- Problem to work on -
For the records that follow, please set down exactly the lines between the one holding "Charming two-story home" and the one holding "Students smiling and waving the peace sign", inclusive, and only those.

Information provided START

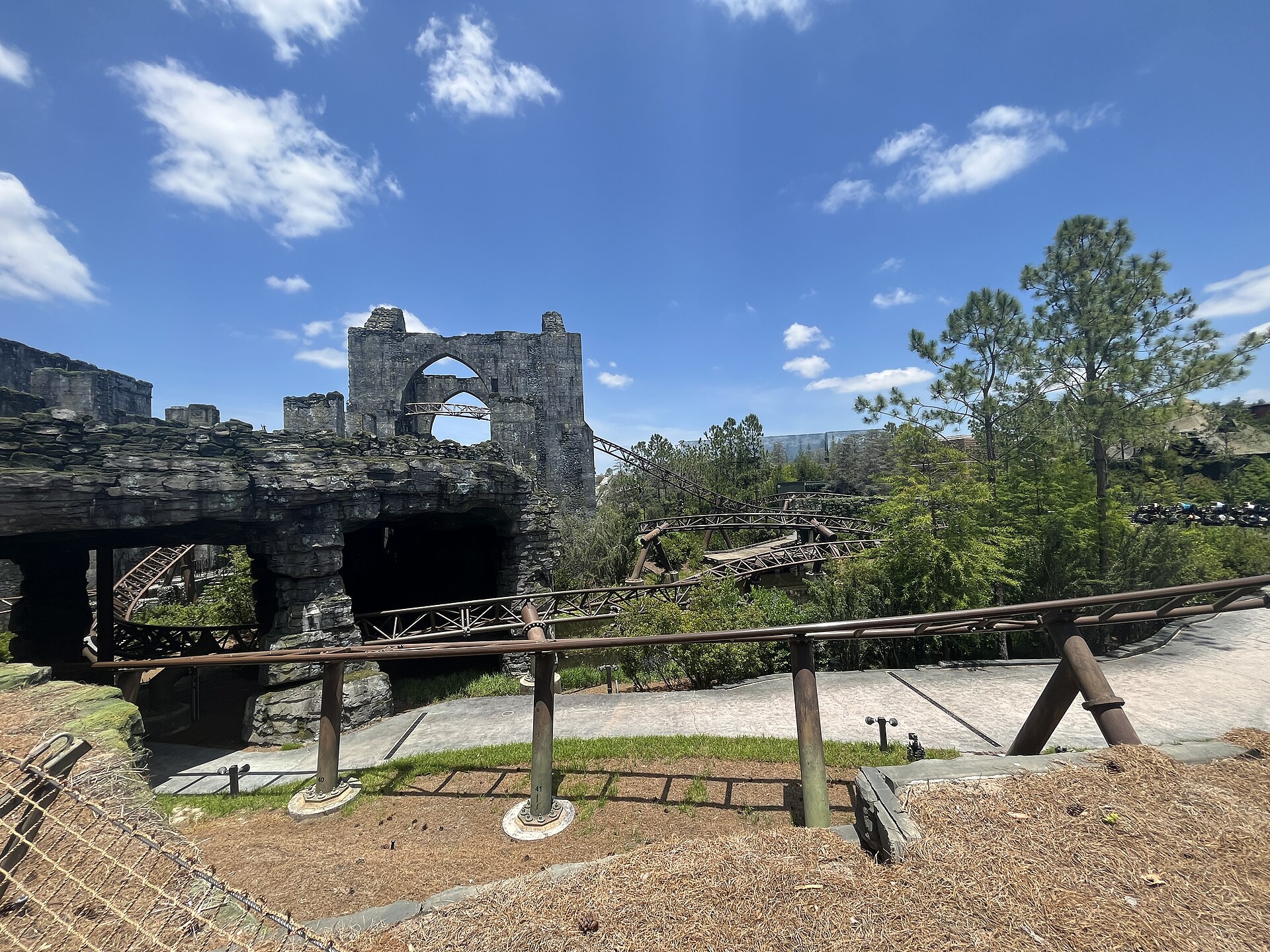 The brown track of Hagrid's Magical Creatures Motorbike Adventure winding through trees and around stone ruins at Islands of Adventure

Information provided END
Information provided START

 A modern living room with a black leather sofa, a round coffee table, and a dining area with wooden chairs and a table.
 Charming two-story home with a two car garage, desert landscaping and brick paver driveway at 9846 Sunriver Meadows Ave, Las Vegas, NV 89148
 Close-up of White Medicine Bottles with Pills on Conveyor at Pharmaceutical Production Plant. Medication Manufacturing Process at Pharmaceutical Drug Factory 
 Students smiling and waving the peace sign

Information provided END
Information provided START

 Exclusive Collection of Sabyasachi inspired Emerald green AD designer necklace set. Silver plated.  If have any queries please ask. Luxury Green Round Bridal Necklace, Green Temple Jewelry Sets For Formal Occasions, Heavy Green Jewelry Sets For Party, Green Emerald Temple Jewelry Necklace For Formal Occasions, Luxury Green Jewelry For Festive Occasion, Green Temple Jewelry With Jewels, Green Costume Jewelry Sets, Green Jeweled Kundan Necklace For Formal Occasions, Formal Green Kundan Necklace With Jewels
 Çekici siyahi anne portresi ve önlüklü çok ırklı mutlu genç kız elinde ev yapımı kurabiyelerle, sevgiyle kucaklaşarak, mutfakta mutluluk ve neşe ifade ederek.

Information provided END

- Response below -
 Charming two-story home with a two car garage, desert landscaping and brick paver driveway at 9846 Sunriver Meadows Ave, Las Vegas, NV 89148
 Close-up of White Medicine Bottles with Pills on Conveyor at Pharmaceutical Production Plant. Medication Manufacturing Process at Pharmaceutical Drug Factory 
 Students smiling and waving the peace sign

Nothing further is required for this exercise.